Luego de detallar sobre las sombras y patrón de conducta de Acuña y que plasmó en su libro, Acosta, ante una pregunta de Aliaga, reconoció que lo mejor que tiene el líder de APP es su naturalidad y un estilo campechano para acercarse a la gente de manera muy cordial. Admitió que existe en él ese gesto de ayuda a las personas, pero puso el dedo en la llaga: «El problema es que esa ayuda no es gratis, ya que Acuña siempre busca sacar beneficios de cada sol que entrega».
Para el periodista de investigación, Acuña le debe su existencia pública y privada a esta ciudad. Trujillo no sólo lo hizo congresista, alcalde y gobernador regional, sino que fue el lugar donde cimentó su fortuna a través de su universidad. Para Acosta, si Acuña tiene un interés real en el desarrollo y desea trascender de verdad, debería dejar de ver a la población como una fuente de beneficios y empezar a devolver lo que ha recibido.
«es momento de que Acuña entienda que, probablemente, ya no volverá a postular a la presidencia y que su tiempo debería volcarse a programas de apoyo que cambien la vida de los trujillanos de manera desinteresada»
Una reflexión para Acuña
Con «una riqueza que no se acabará mi cuando muera», Acosta sostiene que es momento de que reflexione sobre qué le ha devuelto a la ciudad después de todo lo que Trujillo le entregó en poder y dinero.
La propuesta de Acosta para que Acuña logre esa trascendencia es que se dedique a la filantropía pura.
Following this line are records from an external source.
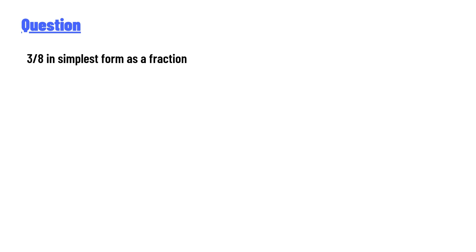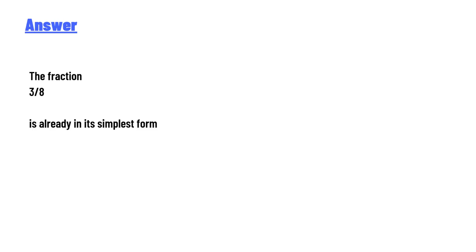The answer of the question is 3 over 8, and the fraction 3 over 8 is already in its simplest form.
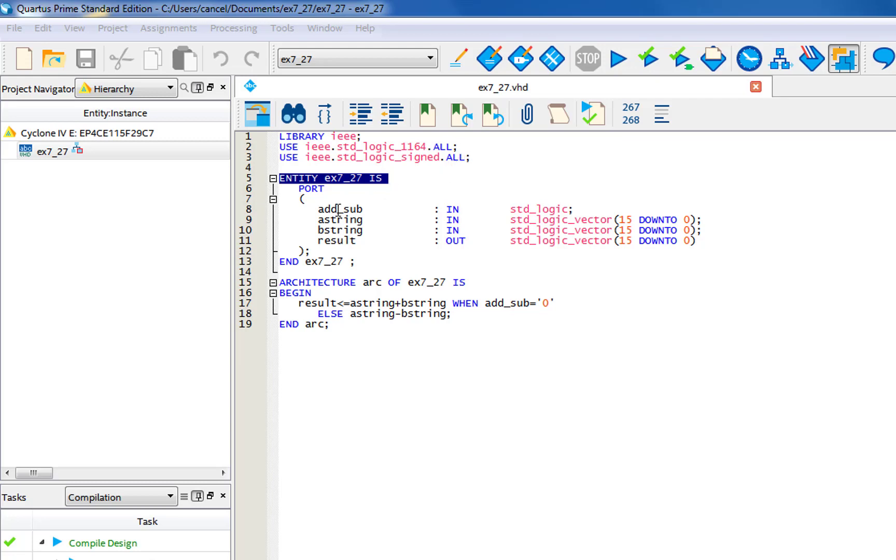Now for the inputs, you're going to need to put the adder and subtractor as the input, and then the A string and the B string. Those will act as the numerical values that you put into the array form to be added or subtracted.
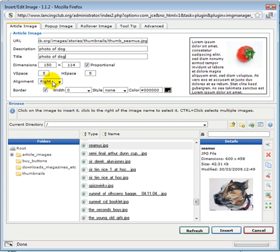I personally like to have the images right aligned and I just tick border on and make it zero with no style and no color. This means that there's never going to be a border show up when it's made into a link.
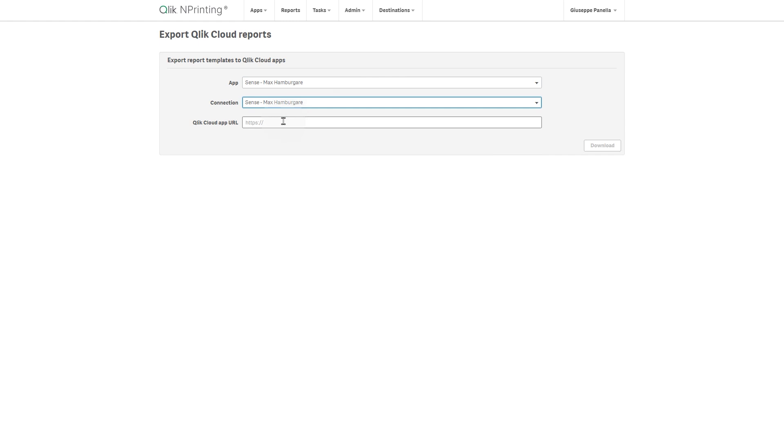Reports connected to QlikView documents, and reports connected to multiple Qlik Sense apps, are not supported.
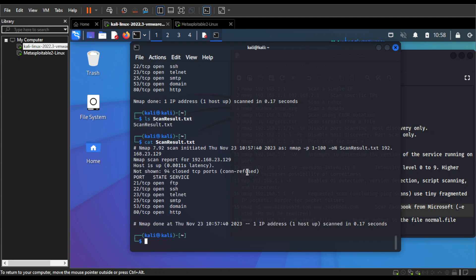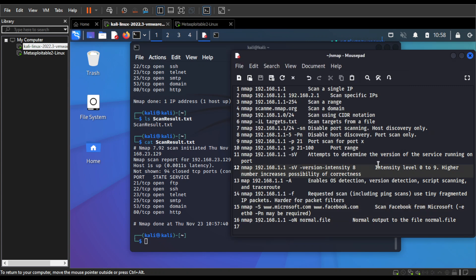These are the important nmap commands that will be useful if you are a beginner pen tester and that you should know. Thank you for watching and I will see you guys in another video — until next time, assalamualaikum.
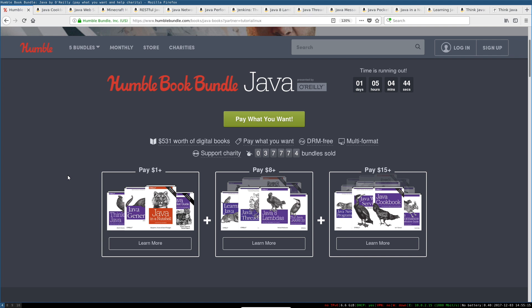Hey, what's going on everyone? Christmas has come early. There is another O'Reilly book bundle, and there's only about 24 hours left to grab this one. I'm sorry I missed this and didn't let you guys know earlier.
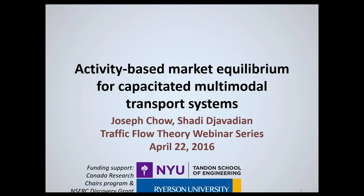Today, we're very pleased to have our speaker, Dr. Joseph Cho, and he's an assistant professor in the Department of Civil and Urban Engineering and Center for Urban ITS at New York University.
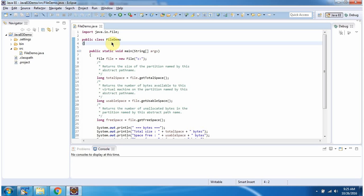Here I have defined the class file demo. It has main method. Inside main method I have created file object. In file constructor I am passing C drive.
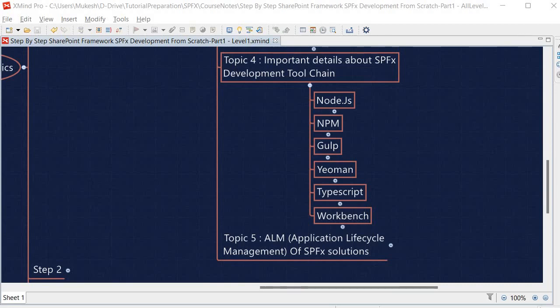TypeScript is the primary language for SPFx development and was created by Microsoft. TypeScript is a strongly typed language that adds compile-time syntax and type checking for JavaScript. When we bundle our code using Gulp build, the TypeScript code is converted into JavaScript code — this process is called transpilation.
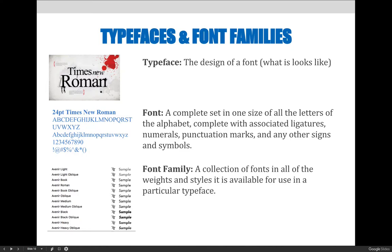A font is a complete set in one size of all the letters of the alphabet, complete with associated ligatures, numerals, punctuation marks, and any other signs and symbols. A font is what Johann Gutenberg had to create every time he wanted to print something on his letterpress printing press. If he needed headline text, he would have to make a complete font of 24 point Times New Roman. If he wanted body copy, he had to make an entire font of 12 point Times New Roman, etc.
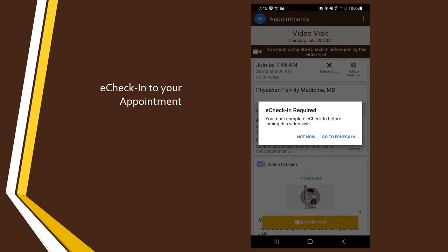Next, you will be prompted to e-check-in for your appointment. You can do this anytime once your appointment has been scheduled. You don't have to wait until the day of your appointment.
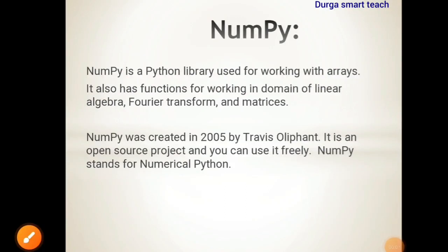Hello students, welcome to my channel. Today I am going to discuss about NumPy in Python.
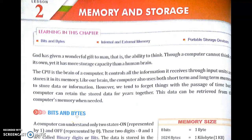Hello and welcome to our YouTube channel Ruble Solutions. In this video, I am going to compile lesson 2: Memory and Storage. After learning this chapter, we will get to know about bits and bytes, internal and external memory, and portable storage devices.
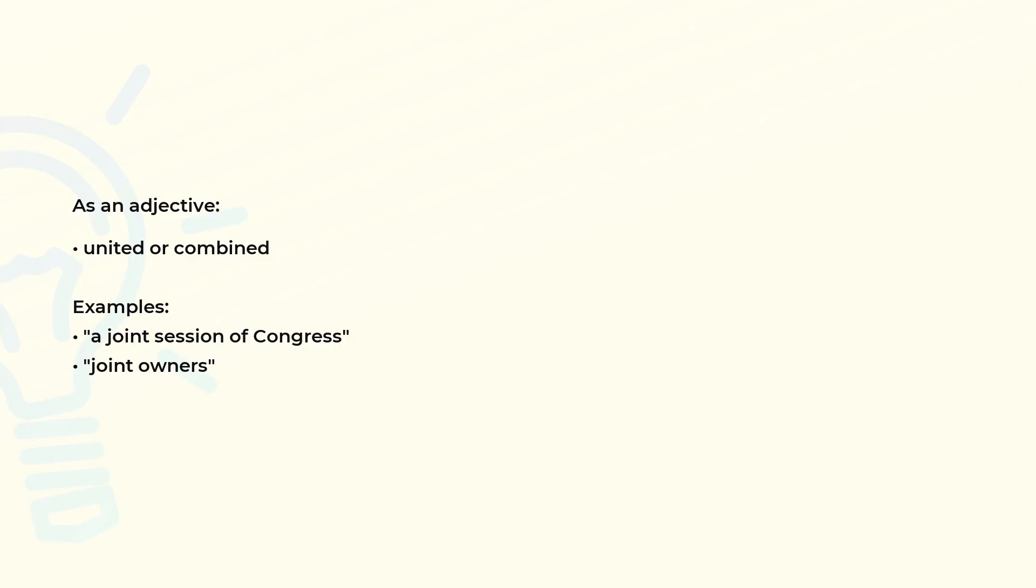As an adjective, united or combined. Examples of use: a joint session of Congress, joint owners.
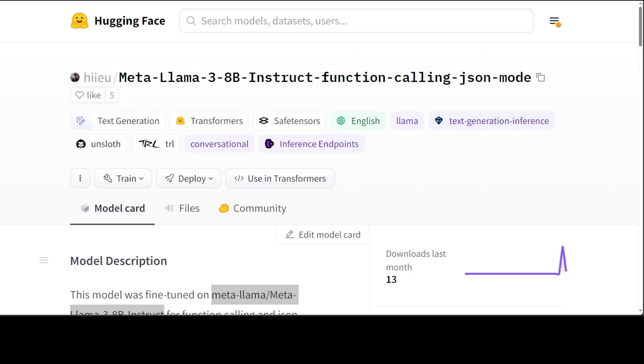In Llama 3, this function calling capability is of extremely supreme quality, and you can do it in a very easy way. In this video, I am going to show you how you can do that in a very efficient way on your local system.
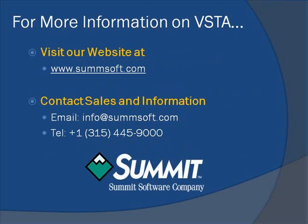For more information regarding VSTA, visit Summit Software's website at www.sumsoft.com or contact us by email or phone for sales and information. Thank you for your attention.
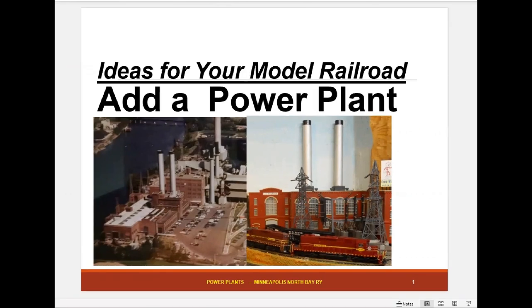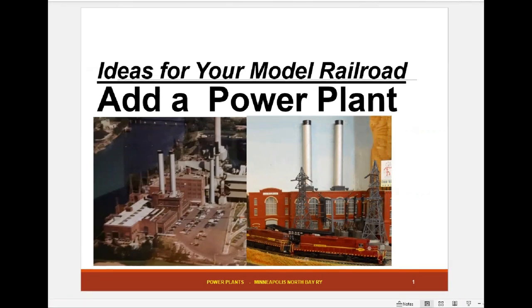We're doing a series of videos on ideas for your model railroad. This set covers how you can add a power plant as an industry on your model railroad to add different types of traffic, because you can have many different types of cars going in and out of the power plant and it doesn't take very much room depending on how you build it. On the left, for example, you see the Riverside power station in Northeast Minneapolis. It was started in 1911, added on until 1965, and then in the 90s it was converted to a gas turbine power station. On the right you see a power station that's down in the basement on the model railroad.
El periodista sugirió que, en lugar de financiar campañas para obtener más beneficios, Acuña debería impactar directamente en distritos como La Esperanza y El Porvenir, zonas golpeadas por la violencia que necesitan oportunidades urgentes.
El análisis plantea que el impacto real vendría, por ejemplo, en gestos como «la creación de una red de bibliotecas públicas, programas de apoyo al arte y espacios deportivos en barrios donde hoy, lamentablemente, nace tanta violencia producto del abandono».
Un gesto con Trujillo
Christopher Acosta enfatizó que alguien con la magnitud de esa riqueza debería estar interesado en mejorar la vida de los jóvenes a través de la cultura. Para el autor, «es momento de que Acuña entienda que, probablemente, ya no volverá a postular a la presidencia y que su tiempo debería volcarse a programas de apoyo que cambien la vida de los trujillanos de manera desinteresada».
Dio a entender que si quiere que su nombre sea recordado con respeto y no sólo como alguien que siempre buscó provecho propio, la filantropía es el único camino para devolverle a la ciudad lo que esta le dio.
«Ojalá vea la vida ahora desde ese punto de vista», concluyó Acosta, dejando claro que Acuña todavía está a tiempo de cambiar su historia. La trascendencia no está en un nuevo cargo ni en sacar más beneficios, sino en usar su tiempo y su plata para dejar una huella positiva en la ciudad.